Sunday: Penn State's weekend run might be Crimson Tide's undoing
With an RPI of 40, Penn State appears to be healthy locks for the tournament
Alabama could miss the tourney, despite a 12-4 SEC mark and sweep of Georgia
Colorado, a likely First Four club, has been strong against top competition
The addition of three more at-large spots this year, combined with the absence of bid thieves, has conspired to keep the bubble exceptionally soft, which means a lot of teams with modest profiles getting in. The ordering of that final batch of bubble teams, though, has been extraordinarily difficult.
Every school has significant weaknesses, but each seems to be weak in a different way from the team's closest to them in the pecking order. I've spent many hours the last two days trying to make rhyme or reason of what the selection committee will deliver Sunday night. Here's the best guess:
Penn State (19-13, 9-9 Big Ten; RPI: 39, SOS: 6)
6-8 road/neutral, 5-9 Top 50, 10-12 Top 100
Biggest strengths: Five legitimate wins, including two neutral-site victories in the Big Ten tournament; solid RPI and excellent SOS; only one (bad) loss outside the top 100.

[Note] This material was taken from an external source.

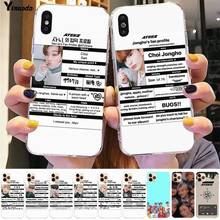 ATEEZ HongJoong SeongHWA DIY phone Case cover Shell for iPhone 13 8 7 6 6S Plus X 5S SE 2020 XR 11 pro XS MAX 2024 - buy cheap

Biggest weaknesses: Only three true road wins all season, and none against a tournament team; mediocre overall record, although mitigated by schedule strength.
The skinny: Maybe more than any team in the nation, Penn State has seized the opportunity during tournament week, doubling its numbers of road/neutral victories and adding quality wins over Wisconsin and Michigan State to bolster its profile. Historically, any major conference team with an RPI under 40 is good to go. It's hard to see the committee passing on a hot team that played a good schedule.
Colorado (20-13, 8-8 Big 12; RPI: 65, SOS: 49)
6-11 road/neutral, 5-7 Top 50, 8-10 Top 100
Biggest strengths: Five legitimate quality wins, including two away from Boulder; no truly bad losses, although three outside top 100.
Biggest weaknesses: Very questionable RPI and road/neutral record, wretched nonconference SOS (326), struggled in road games against quality opponents.
The skinny: The Buffs badly needed to show the committee they could win closer to sea level, and did just that by beating Kansas State for a third time this season in the Big 12 tourney. In a year where teams with zero or one top-50 wins are being strongly considered, it's hard to overlook five legitimate ones, despite the obvious weaknesses in other areas. If the Buffs end up in Dayton as part of the First Four, it wouldn't be a shock, but they should make it into the field of 68.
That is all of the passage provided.